## Data extract:
··········
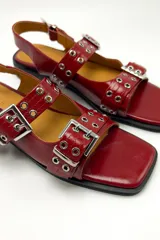 Sandalias rojas de cuero con punta cuadrada, dos tiras con hebillas plateadas y ojales.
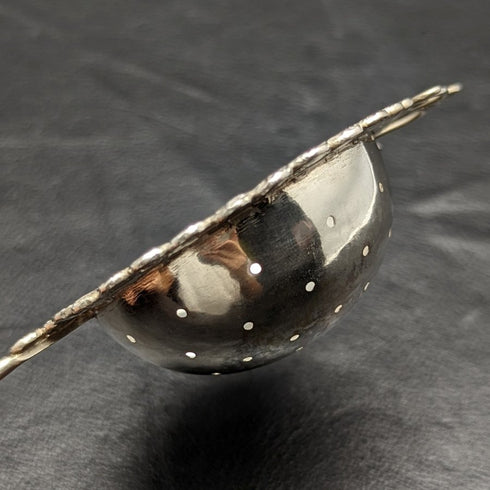 Vintage silver-plated tea strainer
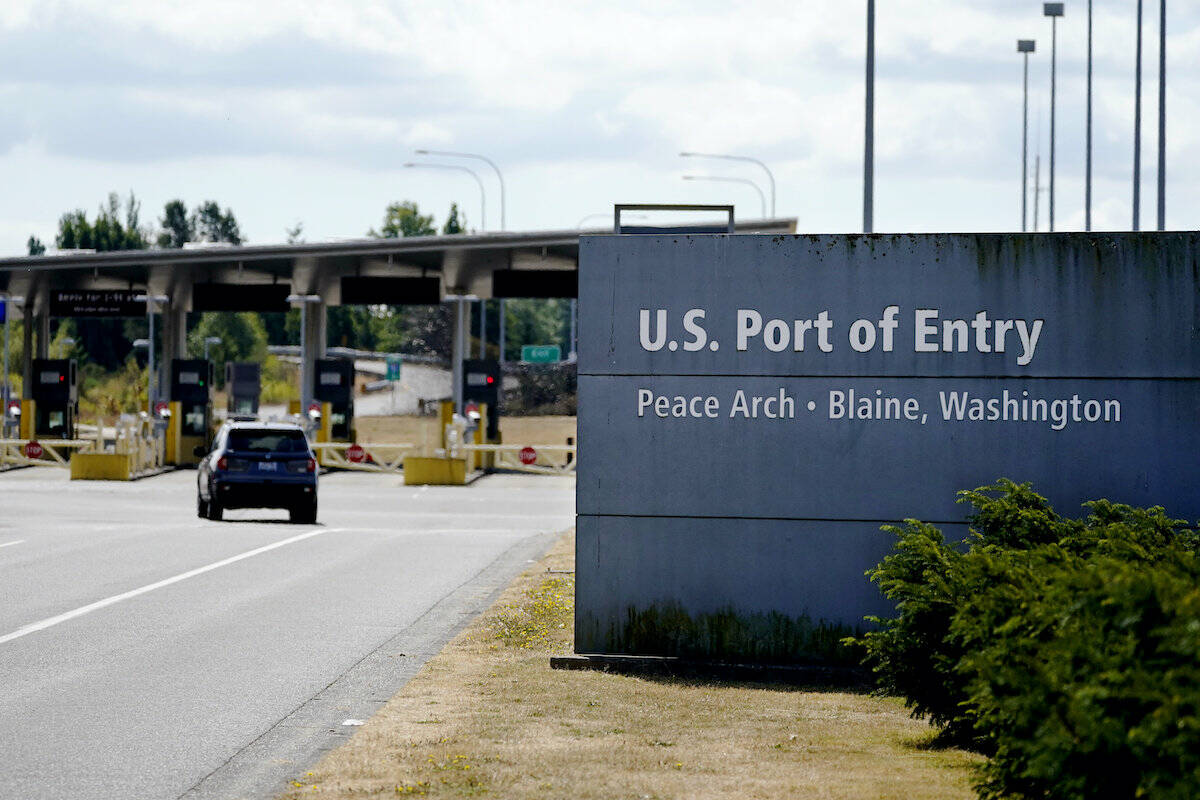 A single vehicle heads into the U.S. at the quiet Peace Arch border crossing Monday, Aug. 9, 2021, in Blaine, Wash. (AP Photo/Elaine Thompson)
··········
The required output is the span of lines from the line with "Vintage silver-plated tea strainer" through the final line of the listing above, reproduced exactly, minus the pictures.

 Vintage silver-plated tea strainer
 A single vehicle heads into the U.S. at the quiet Peace Arch border crossing Monday, Aug. 9, 2021, in Blaine, Wash. (AP Photo/Elaine Thompson)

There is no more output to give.